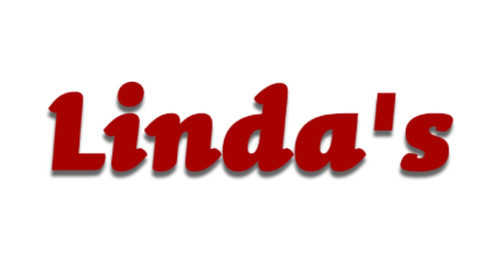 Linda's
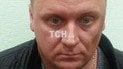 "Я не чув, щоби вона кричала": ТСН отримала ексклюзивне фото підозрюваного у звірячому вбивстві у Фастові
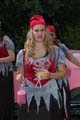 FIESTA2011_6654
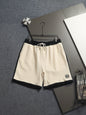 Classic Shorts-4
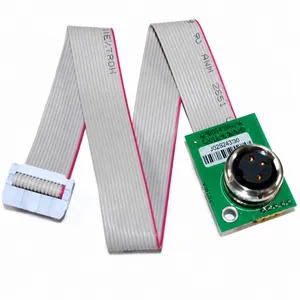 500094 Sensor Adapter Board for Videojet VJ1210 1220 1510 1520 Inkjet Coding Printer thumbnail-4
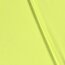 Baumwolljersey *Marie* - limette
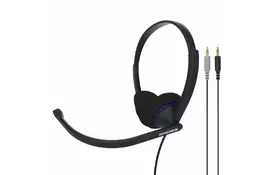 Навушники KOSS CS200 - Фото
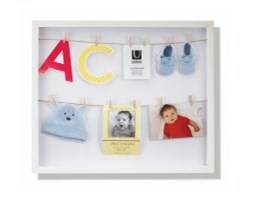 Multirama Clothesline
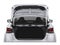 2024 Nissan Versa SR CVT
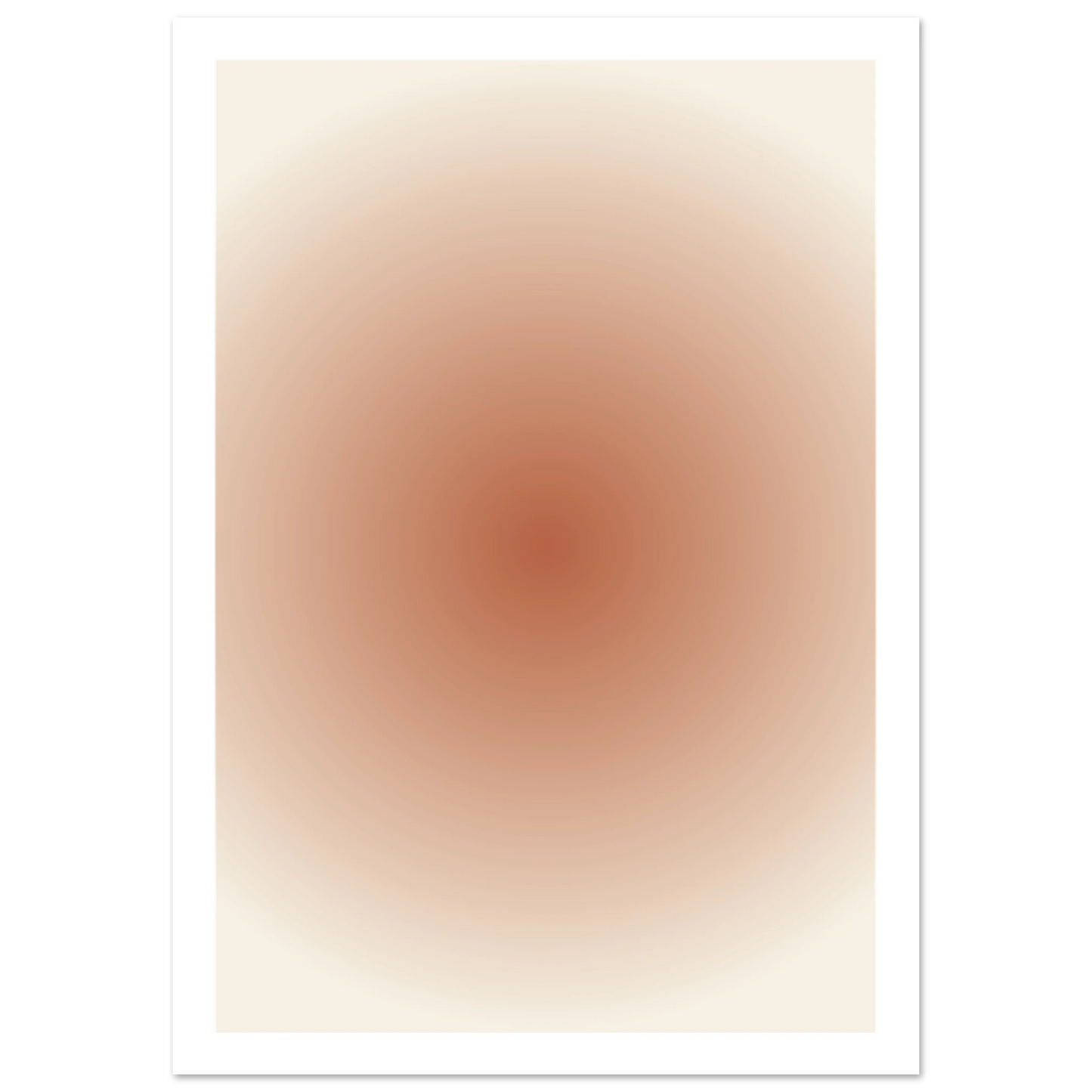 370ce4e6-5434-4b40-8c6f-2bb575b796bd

--

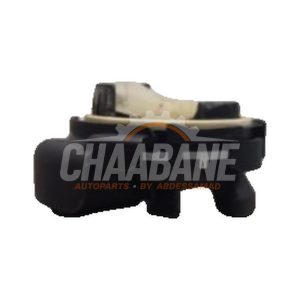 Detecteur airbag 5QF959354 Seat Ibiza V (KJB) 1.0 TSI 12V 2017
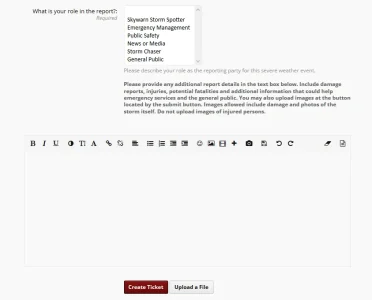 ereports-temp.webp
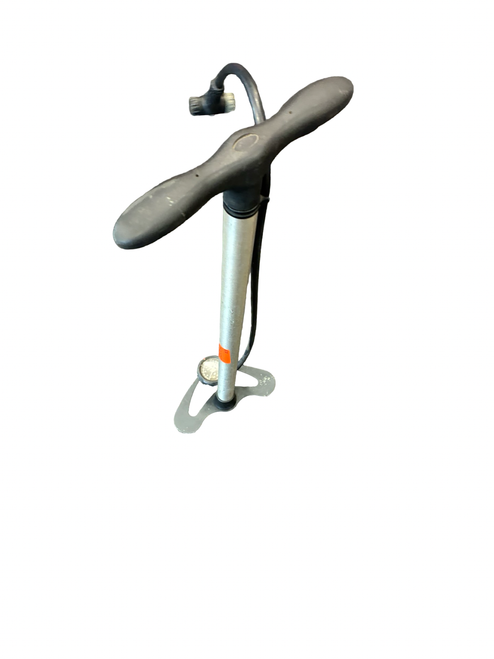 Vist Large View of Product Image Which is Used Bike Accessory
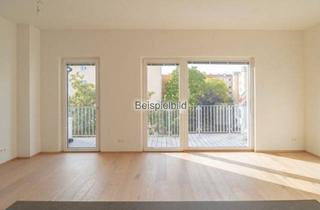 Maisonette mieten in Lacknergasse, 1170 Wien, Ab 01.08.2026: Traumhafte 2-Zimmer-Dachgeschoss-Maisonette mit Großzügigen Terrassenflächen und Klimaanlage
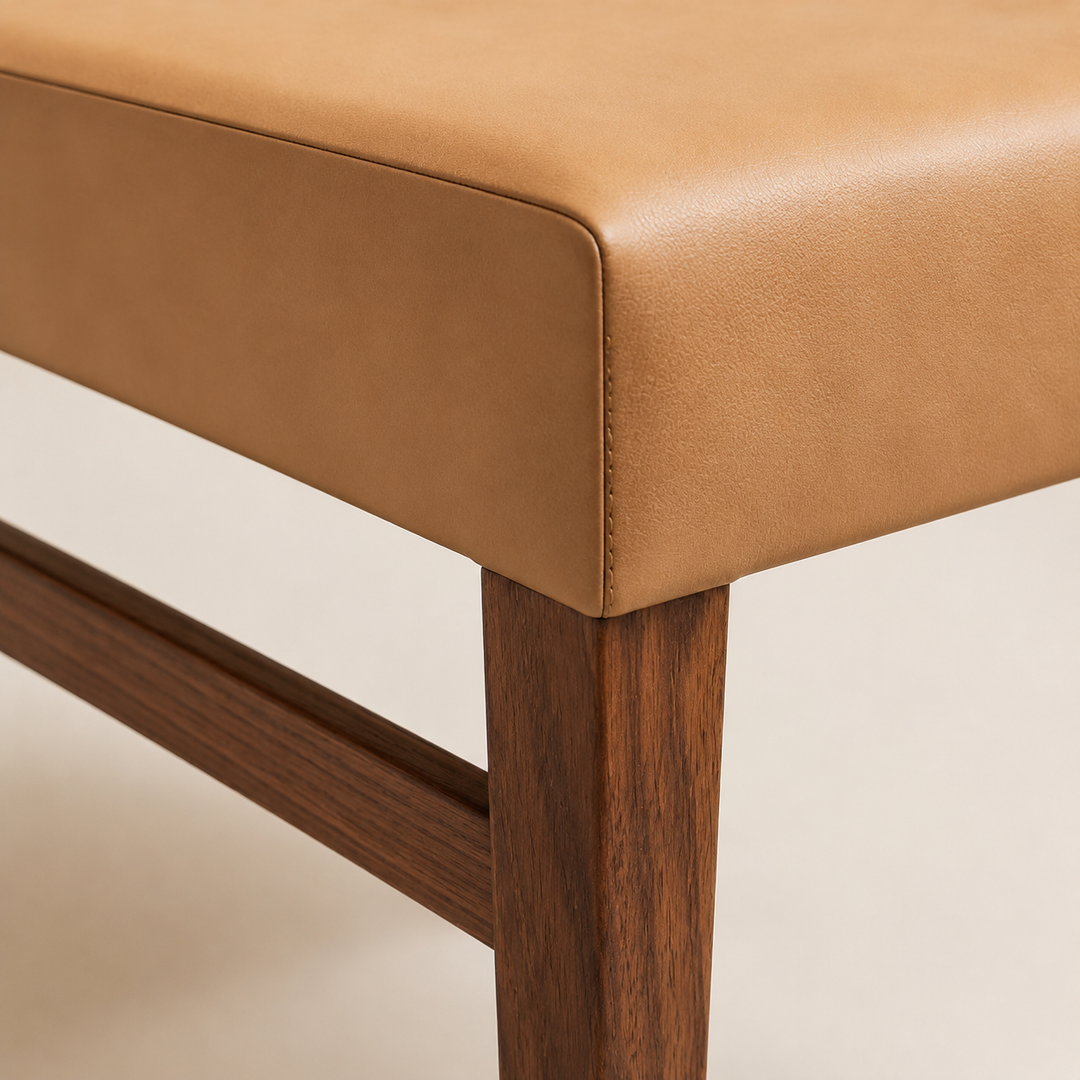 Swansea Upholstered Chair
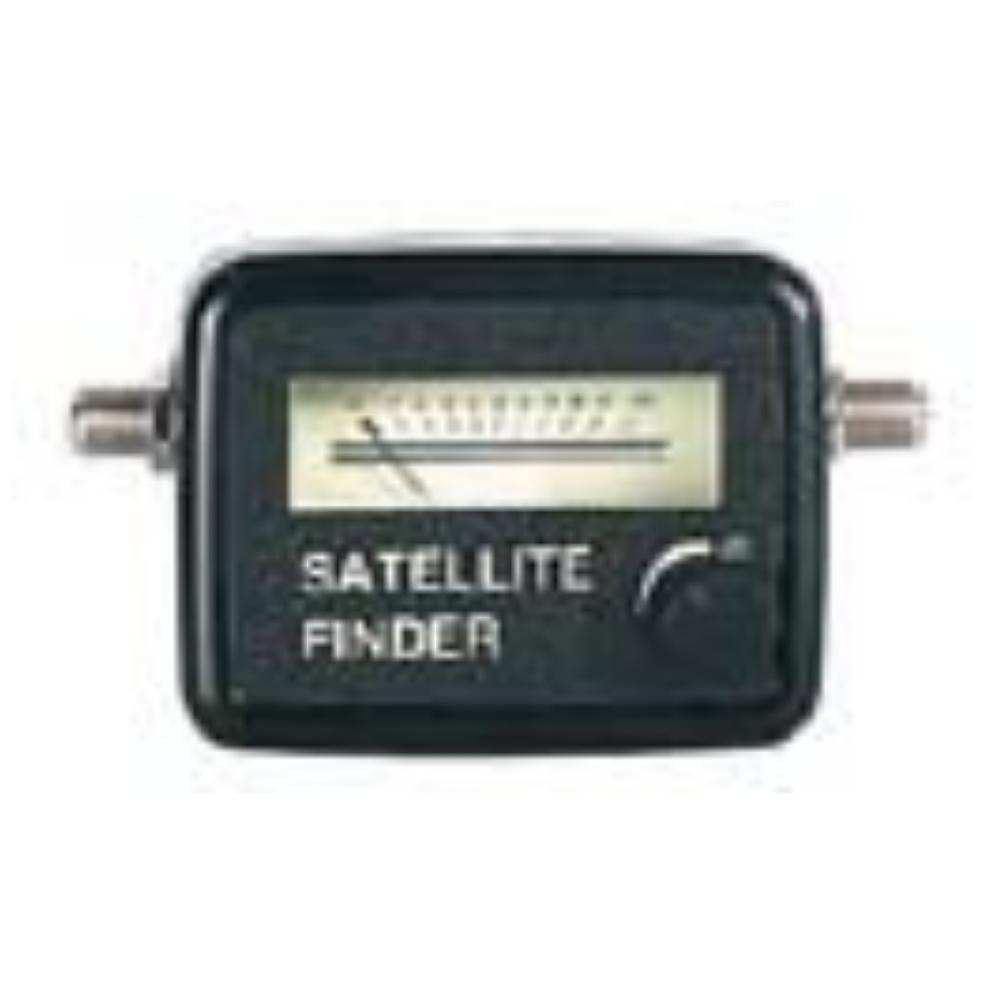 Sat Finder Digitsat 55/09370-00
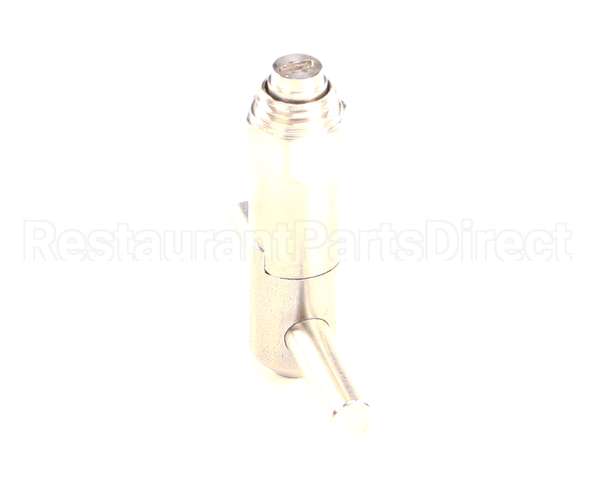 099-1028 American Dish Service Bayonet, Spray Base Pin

[WHAT IS REQUIRED]: Exercise for the records above: copy only the lines from the one with "2024 Nissan Versa SR CVT" to the one with "370ce4e6-5434-4b40-8c6f-2bb575b796bd", both ends kept, and drop the pictures.

[SOLVED EXERCISE]:
 2024 Nissan Versa SR CVT
 370ce4e6-5434-4b40-8c6f-2bb575b796bd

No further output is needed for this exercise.